Available data: Begin

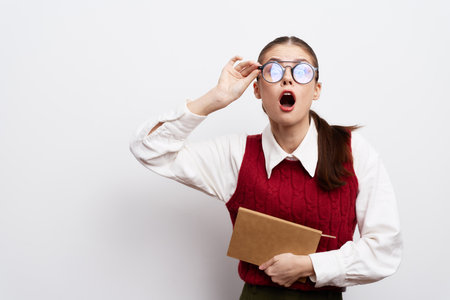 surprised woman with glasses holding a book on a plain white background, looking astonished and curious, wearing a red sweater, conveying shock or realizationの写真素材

Available data: End
Available data: Begin

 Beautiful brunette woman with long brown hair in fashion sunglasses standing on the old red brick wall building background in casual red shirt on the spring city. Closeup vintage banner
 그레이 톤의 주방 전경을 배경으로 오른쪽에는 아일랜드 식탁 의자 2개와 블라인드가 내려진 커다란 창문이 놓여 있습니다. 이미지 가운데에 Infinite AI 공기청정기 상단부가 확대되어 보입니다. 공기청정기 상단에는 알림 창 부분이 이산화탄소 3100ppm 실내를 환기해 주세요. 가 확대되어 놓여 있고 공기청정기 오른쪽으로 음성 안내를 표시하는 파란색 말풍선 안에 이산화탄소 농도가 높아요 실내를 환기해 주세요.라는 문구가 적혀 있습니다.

Available data: End

### Instructions to follow
The answer is the run of lines above from the line containing "Beautiful brunette woman" through the line containing "그레이 톤의 주방 전경을", copied exactly and alone.

### Exercise response
 Beautiful brunette woman with long brown hair in fashion sunglasses standing on the old red brick wall building background in casual red shirt on the spring city. Closeup vintage banner
 그레이 톤의 주방 전경을 배경으로 오른쪽에는 아일랜드 식탁 의자 2개와 블라인드가 내려진 커다란 창문이 놓여 있습니다. 이미지 가운데에 Infinite AI 공기청정기 상단부가 확대되어 보입니다. 공기청정기 상단에는 알림 창 부분이 이산화탄소 3100ppm 실내를 환기해 주세요. 가 확대되어 놓여 있고 공기청정기 오른쪽으로 음성 안내를 표시하는 파란색 말풍선 안에 이산화탄소 농도가 높아요 실내를 환기해 주세요.라는 문구가 적혀 있습니다.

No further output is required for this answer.